Örnek Ana sözleşme Maddesi
Kârın Dağıtımı
Şirketin genel masrafları ve muhtelif amortisman bedelleri gibi şirketçe ödenmesi ve ayrılması zorunlu olan miktar hesap yılı sonunda tespit edilen gelirden indirildikten sonra geriye kalan safi kãrı teşkil eder.
Bu surette meydana gelecek kãrdan evvela % 5 kanuni ihtiyat akçesi ayrılır ve kalandan itfa edilmemiş hisse senetlerinin bedelleri ödenen kısmına % 5 birinci temettü ayrılır.
3. Holding şirketlerin ana sözleşme değişikliği
Holding şirketler bütünüyle anonim şirketler mevzuatına tabi bulundukları için ana sözleşmedeki herhangi bir hükmün değiştirilmesi de tatbikattaki anonim şirketler için geçerli olan mevzuata göre yapılacaktır.

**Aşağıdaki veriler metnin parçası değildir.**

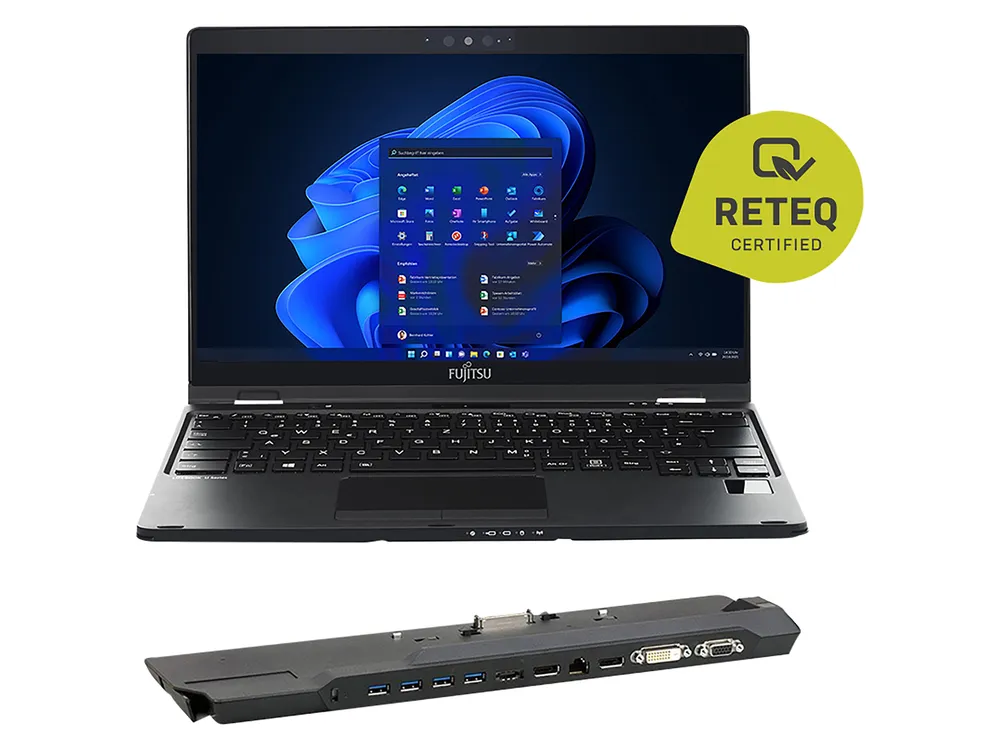 FUJITSU Notebook Lifebook U939, 33,78 cm (13,3"), 8GB, 256GB, Win11Home, refurbished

4. Holding şirketlerin tasfiye işlemleri
Holdinglerin anonim şirket olmalarından dolayı tasfiye işlemlerinde de Anonim şirketlerin tasfiye işlemleri için uygulanan hükümler uygulanacaktır.
5. Holding şirketlerin genel idare giderlerinin bağlı şirketlere dağıtımı ve örtülü kazanç
33 Seri no.lu Kurumlar Vergisi Genel Tebliği’nin 2. maddesinde Holding Şirketlerin genel idare giderlerinin bağlı şirketlere dağılımı konusuna açıklık getirilmiştir.
Buna göre,
Holding şirketler tarafından bağlı şirketlere aşağıdaki konularda hizmet verilebilmektedirler;
· Araştırma ve geliştirme,
· Finansman temini,
· Pazarlama ve dağıtım,
· Yatırım projelerinin hazırlanması,
· Hedeflerin tayini,
· Planlama,
· Örgütlendirme ve kararların uygulanması,
· Bilgisayar hizmetleri,
· Sevk ve idare,
· Mali revizyon ve vergi müşavirliği,
· Piyasa araştırmaları,
· Halkla ilişkilerin tanzimi,
· Personel temini ve eğitimi,
· Muhasebe organizasyon ve kontrolü,
· Hukuk müşavirliği,
Holding tarafından verilen bu tür hizmetlerin bağlı şirketlere gider yazılabilmesi için;
a. Hizmetlerin mutlaka verilmiş olması,
b. Kesilen faturada hizmet türünün ayrıntılı olarak belirtilmesi,
c. Tek faturada birden fazla hizmet bedelinin bir arada yer alması halinde ise her hizmet bedelinin ayrı ayrı gösterilmesi, şarttır.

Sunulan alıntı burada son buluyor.